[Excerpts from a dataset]

____________________

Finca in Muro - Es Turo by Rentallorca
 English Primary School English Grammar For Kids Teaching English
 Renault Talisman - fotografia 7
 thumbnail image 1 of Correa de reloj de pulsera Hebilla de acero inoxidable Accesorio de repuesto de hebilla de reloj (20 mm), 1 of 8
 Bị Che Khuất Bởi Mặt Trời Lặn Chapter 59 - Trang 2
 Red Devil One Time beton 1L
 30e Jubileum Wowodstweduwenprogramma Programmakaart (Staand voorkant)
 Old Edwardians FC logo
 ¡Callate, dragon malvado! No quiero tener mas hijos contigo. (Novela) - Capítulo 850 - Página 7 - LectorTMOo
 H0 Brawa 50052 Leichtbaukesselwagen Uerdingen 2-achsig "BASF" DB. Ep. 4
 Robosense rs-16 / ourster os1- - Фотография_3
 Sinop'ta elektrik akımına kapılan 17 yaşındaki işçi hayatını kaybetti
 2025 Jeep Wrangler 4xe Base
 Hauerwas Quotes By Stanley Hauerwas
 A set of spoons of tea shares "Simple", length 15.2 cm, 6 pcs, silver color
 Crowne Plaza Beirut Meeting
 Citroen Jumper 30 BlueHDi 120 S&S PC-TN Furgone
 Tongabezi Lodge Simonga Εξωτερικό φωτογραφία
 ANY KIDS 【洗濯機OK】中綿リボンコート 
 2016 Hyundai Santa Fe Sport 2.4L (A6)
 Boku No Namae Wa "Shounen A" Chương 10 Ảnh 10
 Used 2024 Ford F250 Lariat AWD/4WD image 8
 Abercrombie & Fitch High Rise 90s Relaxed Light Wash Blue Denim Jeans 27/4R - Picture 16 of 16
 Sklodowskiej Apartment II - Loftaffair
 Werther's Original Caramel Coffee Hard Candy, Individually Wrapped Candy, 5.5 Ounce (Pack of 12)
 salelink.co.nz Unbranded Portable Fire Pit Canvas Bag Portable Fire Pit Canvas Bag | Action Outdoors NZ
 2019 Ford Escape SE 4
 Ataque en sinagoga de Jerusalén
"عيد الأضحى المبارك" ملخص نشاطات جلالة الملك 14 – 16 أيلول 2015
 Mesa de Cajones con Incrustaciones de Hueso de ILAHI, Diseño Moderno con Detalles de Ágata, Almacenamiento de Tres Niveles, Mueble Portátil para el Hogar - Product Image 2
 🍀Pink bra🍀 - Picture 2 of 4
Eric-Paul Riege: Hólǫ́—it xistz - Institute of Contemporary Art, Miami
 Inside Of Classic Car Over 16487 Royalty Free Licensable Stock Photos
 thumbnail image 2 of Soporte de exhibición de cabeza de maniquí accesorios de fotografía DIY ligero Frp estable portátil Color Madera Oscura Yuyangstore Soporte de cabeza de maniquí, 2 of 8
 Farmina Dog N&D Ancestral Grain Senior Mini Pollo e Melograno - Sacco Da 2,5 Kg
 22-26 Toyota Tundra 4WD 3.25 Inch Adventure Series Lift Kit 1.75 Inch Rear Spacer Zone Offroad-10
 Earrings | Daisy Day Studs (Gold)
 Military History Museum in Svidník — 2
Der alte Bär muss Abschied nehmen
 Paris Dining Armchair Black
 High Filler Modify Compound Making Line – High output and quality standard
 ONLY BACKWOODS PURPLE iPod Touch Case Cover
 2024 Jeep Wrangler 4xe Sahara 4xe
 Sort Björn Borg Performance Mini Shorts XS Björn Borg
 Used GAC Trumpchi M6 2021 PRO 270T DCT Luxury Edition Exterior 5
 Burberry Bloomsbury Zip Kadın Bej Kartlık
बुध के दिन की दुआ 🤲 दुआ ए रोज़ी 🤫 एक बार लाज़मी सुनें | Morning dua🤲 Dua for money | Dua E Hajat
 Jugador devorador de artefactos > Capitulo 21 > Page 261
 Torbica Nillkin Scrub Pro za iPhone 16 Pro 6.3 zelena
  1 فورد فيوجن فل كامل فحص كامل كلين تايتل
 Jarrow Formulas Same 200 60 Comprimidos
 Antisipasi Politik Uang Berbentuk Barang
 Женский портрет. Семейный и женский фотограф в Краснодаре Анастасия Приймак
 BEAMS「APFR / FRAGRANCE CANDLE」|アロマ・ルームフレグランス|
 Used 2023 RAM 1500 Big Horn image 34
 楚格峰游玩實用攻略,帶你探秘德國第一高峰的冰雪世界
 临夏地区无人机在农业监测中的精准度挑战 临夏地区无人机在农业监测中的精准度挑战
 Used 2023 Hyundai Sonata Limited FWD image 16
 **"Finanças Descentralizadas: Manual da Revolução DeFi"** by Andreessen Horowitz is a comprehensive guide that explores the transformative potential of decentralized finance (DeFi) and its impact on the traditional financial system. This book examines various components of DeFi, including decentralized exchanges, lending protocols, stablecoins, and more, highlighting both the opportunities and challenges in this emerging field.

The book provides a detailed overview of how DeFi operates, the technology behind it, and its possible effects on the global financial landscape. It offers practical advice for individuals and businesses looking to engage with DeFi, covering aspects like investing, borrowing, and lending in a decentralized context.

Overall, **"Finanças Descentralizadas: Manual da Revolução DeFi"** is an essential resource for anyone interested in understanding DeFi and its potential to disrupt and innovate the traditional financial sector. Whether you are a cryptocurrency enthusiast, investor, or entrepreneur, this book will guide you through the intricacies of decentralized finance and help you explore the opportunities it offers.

____________________

Directions for this task ::
The answer should be an exact copy of the lines from the first line of the data through the line with "Bị Che Khuất" and should contain nothing else.

Written response ::
Finca in Muro - Es Turo by Rentallorca
 English Primary School English Grammar For Kids Teaching English
 Renault Talisman - fotografia 7
 thumbnail image 1 of Correa de reloj de pulsera Hebilla de acero inoxidable Accesorio de repuesto de hebilla de reloj (20 mm), 1 of 8
 Bị Che Khuất Bởi Mặt Trời Lặn Chapter 59 - Trang 2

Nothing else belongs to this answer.